08 March 2012

Shit Franzens say

I was sorry that while Jonathan Franzen and I overlapped a little in New Orleans, I had left by the time he hunkered down on Tuesday night at Tulane to give a talk about why he hates everything and Edith Wharton isn't pretty enough. Just kidding! It was part of the school's "Great Writers" lecture series.

Jami Attenberg was, and from her report here are my three favorite quotes:

  • "I am committed to endings…I can no longer be mistaken for a post-modern author."
  • "Twitter is unspeakably irritating. Twitter stands for everything I oppose."
  • "I was taught to be nice to people, which is my credo even though I seem to have some small gift for offending people without intending to."

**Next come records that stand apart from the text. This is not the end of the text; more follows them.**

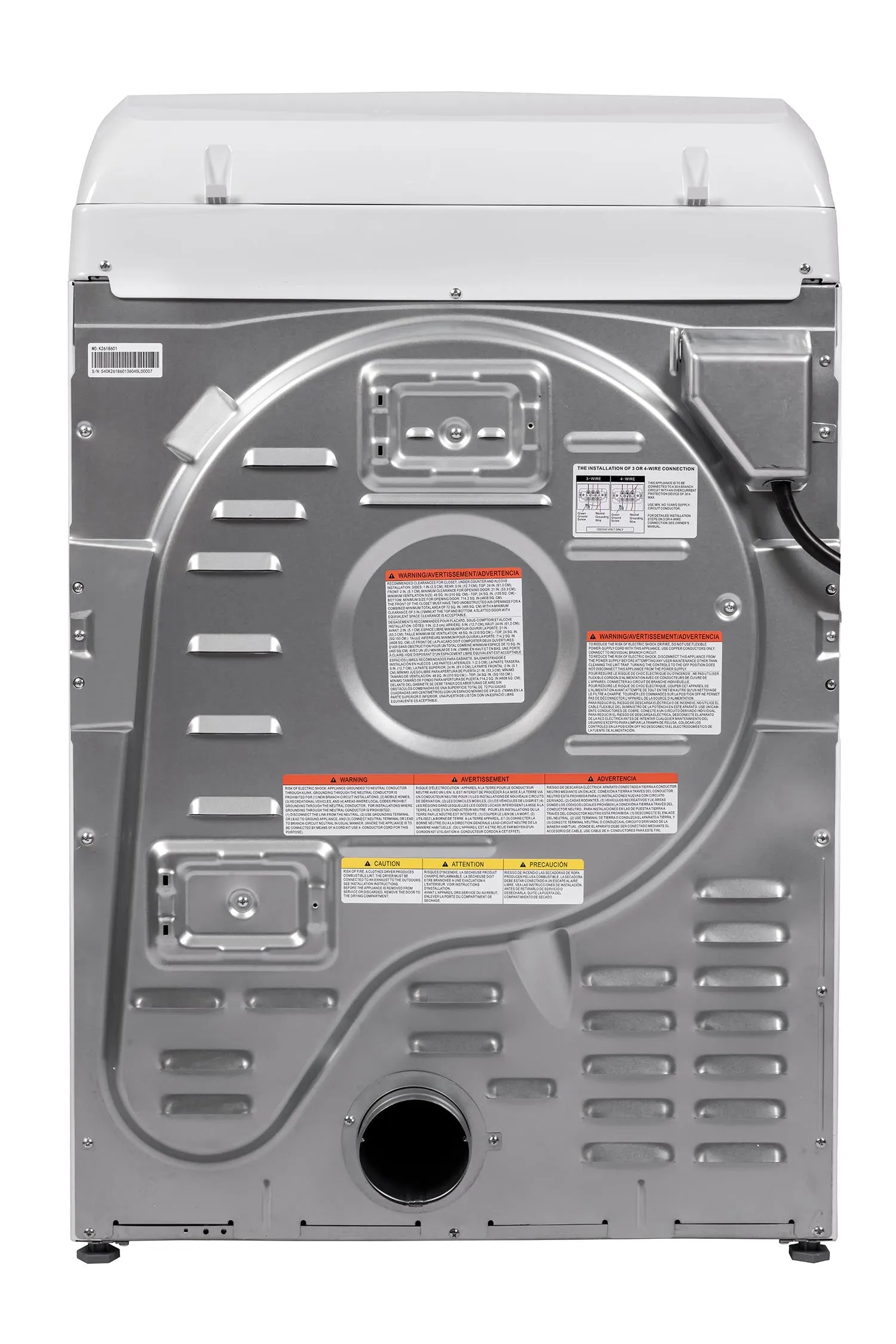 L2 White Electric Dryer (6.7 Cu. Ft) - LE43A3AWW
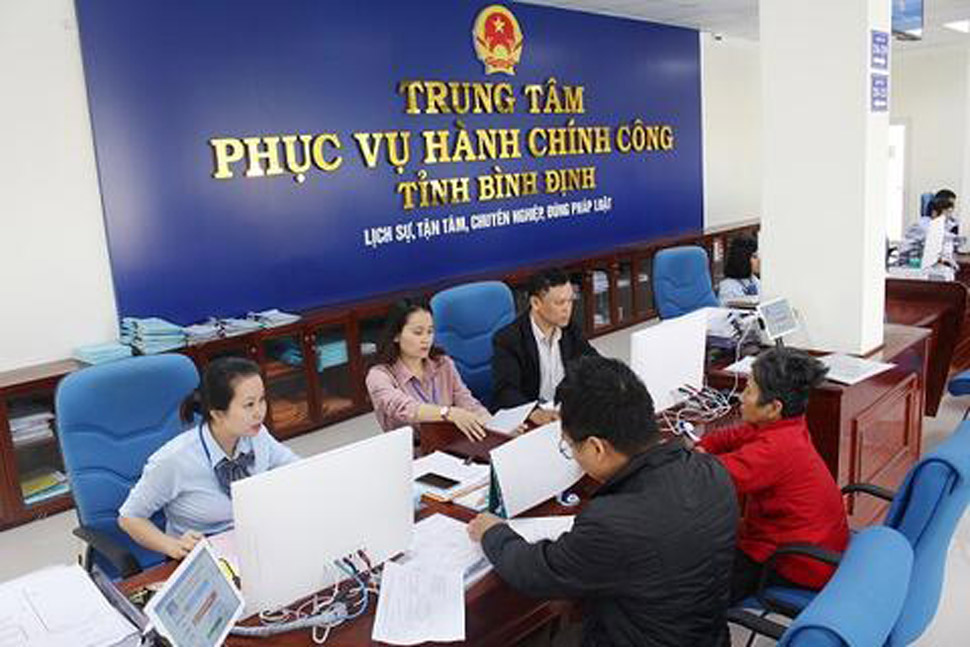 Binh Dinh Provincial Public Administration Service Center. Photo: Binh Dinh Provincial Information Portal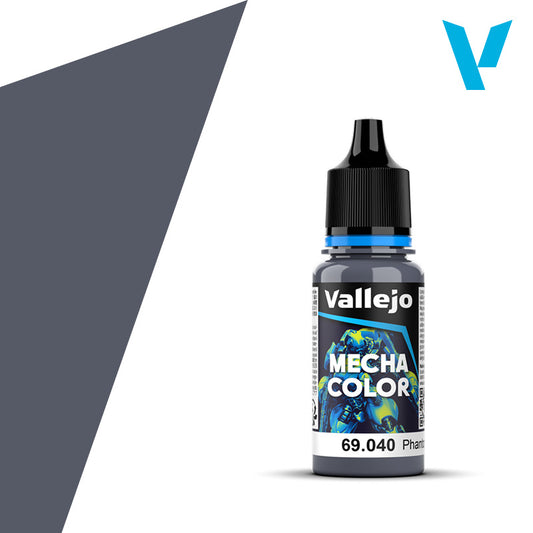 Vallejo 69.040 Mecha Color, Phantom Grey Paint, 0.6 fl oz, 18ml.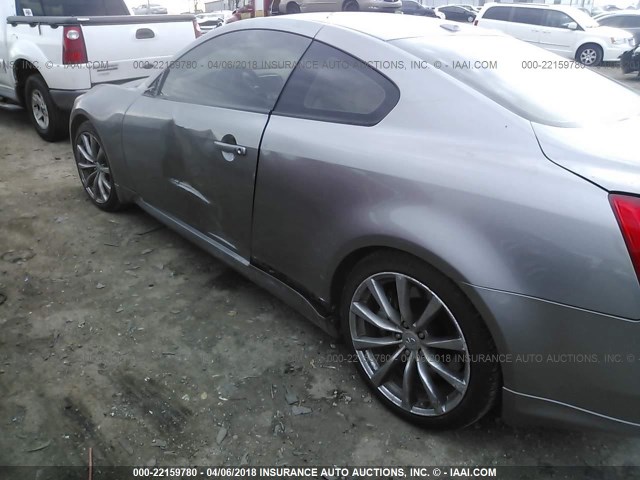 JNKCV64E29M604399 - 2009 INFINITI G37 JOURNEY/SPORT GRAY photo 6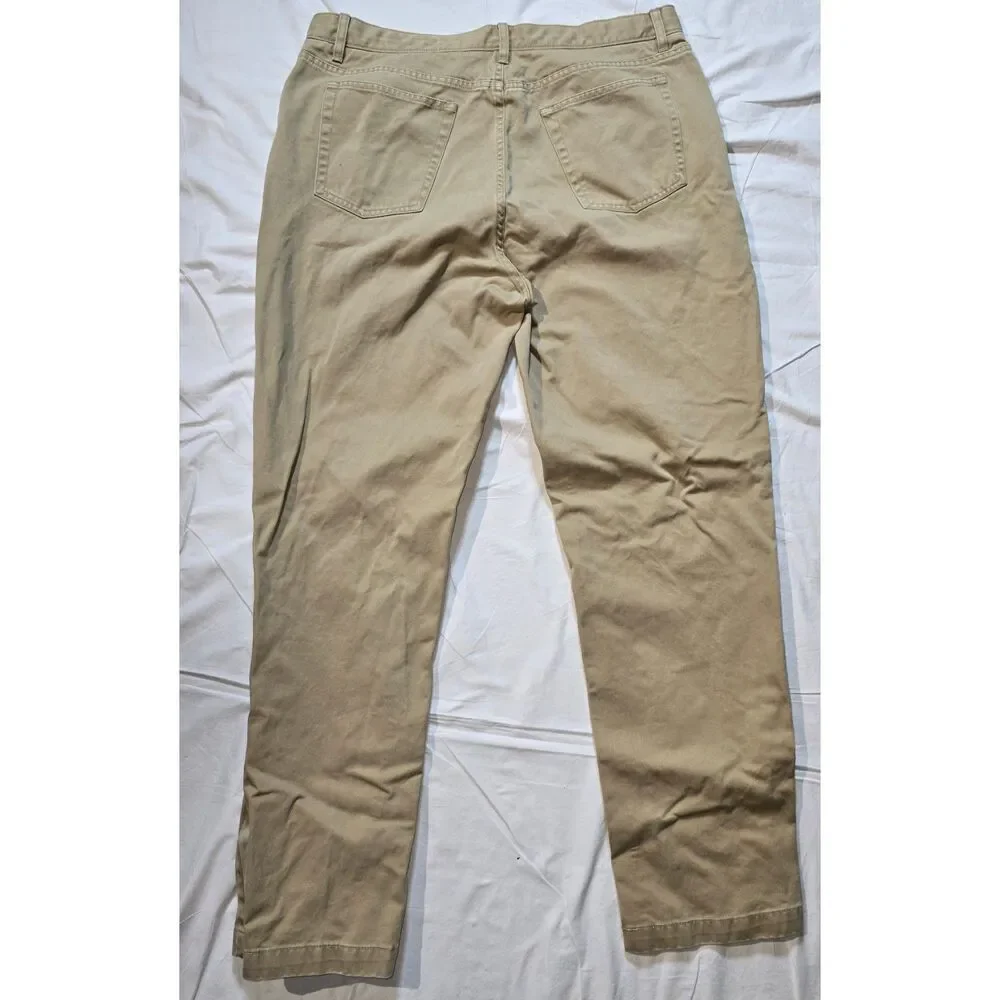 Cremieux Classic Khaki Chino Pants - Size 36 x 32 - Made in France - 26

Sadly I missed the ensuing #jonathanfranzenhates series of jokes (in short, everything). According to the Tulane report he also said "Writing a novel is an experience. The process is more important than the product," which I'm definitely not sure I agree with. But Jonathan Franzen surely hates when we speculate on his process, and the best way to get us not to is to drop hints like this constantly and submit to major magazine profiles. Obviously.

2 comments:

D.H. Sayer said...

Franzen is the Lars von Trier of the literary world. I can't stand to hear either of them talk, but I think their work is very good.

Wade Garrett said...

I don't understand the uproar over Franzen's most recent article. His comments -- that she would probably be more widely read today if she was more attractive -- is impossible to prove, but it is probably accurate. A major theme of that essay was about how we, as readers, take authors' biographies into account when analyzing their books, and that both Wharton's looks and her enormously inherited wealth effect how we read her stories. I thought that, if Franzen's comments had been made by another author, they would not have been as controversial.